(Data records)
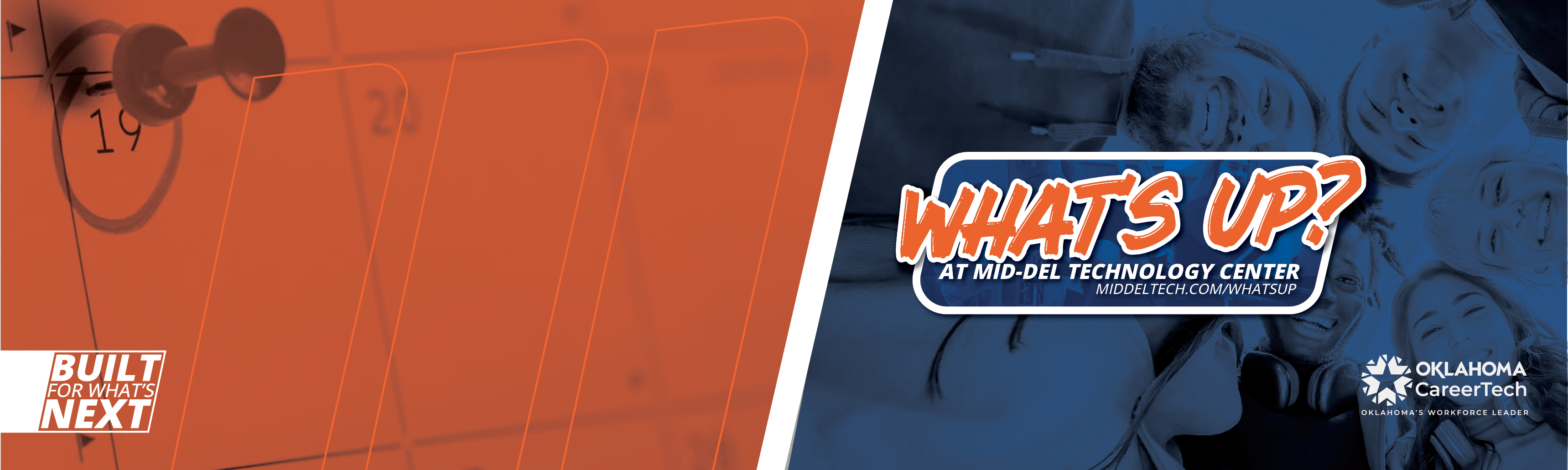in image for the "what's up" at Mid-Del Tech. It links to a page with the latest news.
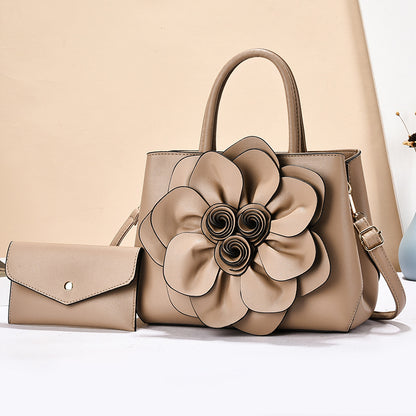 2026 spring solid color new college style women's bag pu leather flower handbag shoulder bag cute bag - dropshipping available
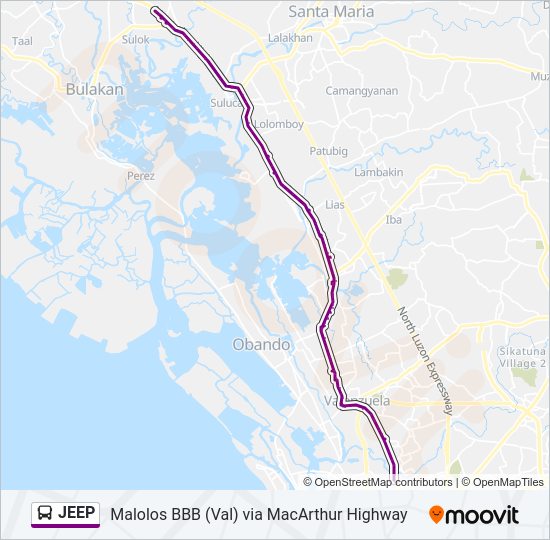 JEEP Bus Line Map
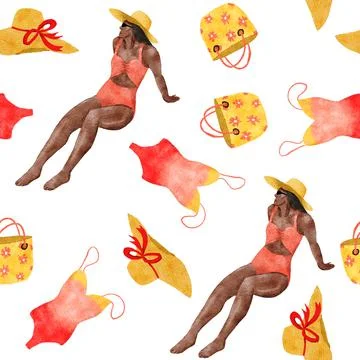 Watercolor hand drawn seamless pattern with beach vibe holiday summer vacation Stock Illustration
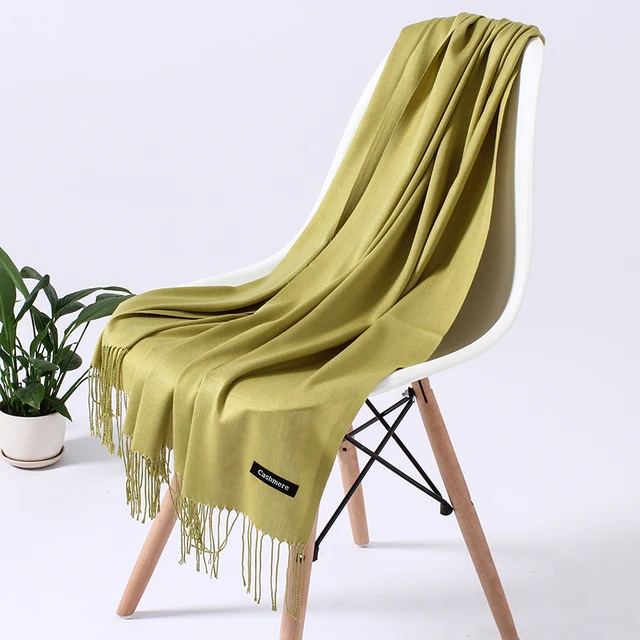 Fashion Solid Color 2021 Women Scarf Winter Hijabs Tessale Tassels Long Lady Shawls Cashmere Like Pashmina Hijabs Scarves Wraps FYR110-24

Work to be completed :: Omit the pictures and retype exactly the lines from the one containing "Watercolor hand drawn" through the end of the entries above.

Response to this task ::
 Watercolor hand drawn seamless pattern with beach vibe holiday summer vacation Stock Illustration
 Fashion Solid Color 2021 Women Scarf Winter Hijabs Tessale Tassels Long Lady Shawls Cashmere Like Pashmina Hijabs Scarves Wraps FYR110-24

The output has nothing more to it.